Fig. 2.1
Schematic representation of the blood supply to the lips
Fig. 2.2
Schematic representation of the cross section of the lower lip demonstrating the relationship of the labial artery to the surface anatomy and musculature
Most commonly, the facial artery also gives rise to a HLA and VLA. The complementary nature of these vessels means a patient with a small HLA will have a larger VLA and vice versa. The VLA ascends in the labiomental region deep to the depressor labii inferioris and occasionally will originate from the submental artery. As it ascends, the VLA splits into branches traveling superficial and deep to the orbicularis oris often anastomosing with the superficial and deep descending branches of the ILA. The HLA originates from the facial artery proximal to the ILA and runs in the labiomental portion of the lip. After branching from the facial artery, it can course horizontally to anastomose with the contralateral HLA, decrease in size until terminating near the midline, or turn to run in a vertical direction [9, 11].

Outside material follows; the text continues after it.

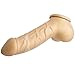 Produktbild TOYLIE Latex Penishülle Carlos Schaftlänge: 15cm gold - geäderter Penis-Sleeve mit großem Hodensack und ausgeprägter Eichel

The upper lip blood supply is derived from the superior labial artery (SLA). It originates 10–12 mm laterally from the commissure and is superior to the commissure in 78 % of cases with the remaining 22 % originating at the commissure [11]. The distance to the commissure is important in the consideration of the amount of tissue to be preserved in rotation of axial pattern flaps in this area. The mean diameter of the SLA after branching is 1.8 mm and is a single vessel in all cases [11]. Similar to the lower lip ILA, the SLA travels at the level of the vermillion-cutaneous junction between orbicularis oris and mucosa and forms an anastomosis at the midline with the contralateral SLA. In its course, the SLA gives off superficial and deep ascending branches in a fashion similar to the lower lip. These branches send small vessels to the vermillion before traveling superiorly to anastomose with the vascular plexus at the base of the nose, columella, and nasal tip [7, 10, 11].
The venous drainage of the lips is less well defined and is difficult to identify. Vena comitantes are commonly considered as the main venous drainage system of the lips. Superior and inferior labial veins have also been described, both of which drain into the ipsilateral facial vein. As can be seen, the vascular supply of the lips is complex however the major supply of both the upper and lower lip is fairly consistent in location with numerous anastomoses providing collateral flow.
2.4 Lymphatic Anatomy
The lymphatic anatomy of the upper and lower lip should be considered separately due to varied drainage patterns arising from the embryologic development of the lips. The upper lip is less likely to drain to contralateral nodal basins due to the fusion of a central medial nasal process with the paired lateral nasal processes. This midline process separating the paired lateral processes makes contralateral neck disease a rare finding. In contrast, the lower lip is formed by fusion of two mandibular processes and contains numerous interconnecting lymphatics across the midline, increasing the chance of bilateral or contralateral drainage patterns [12] (Fig. 2.3).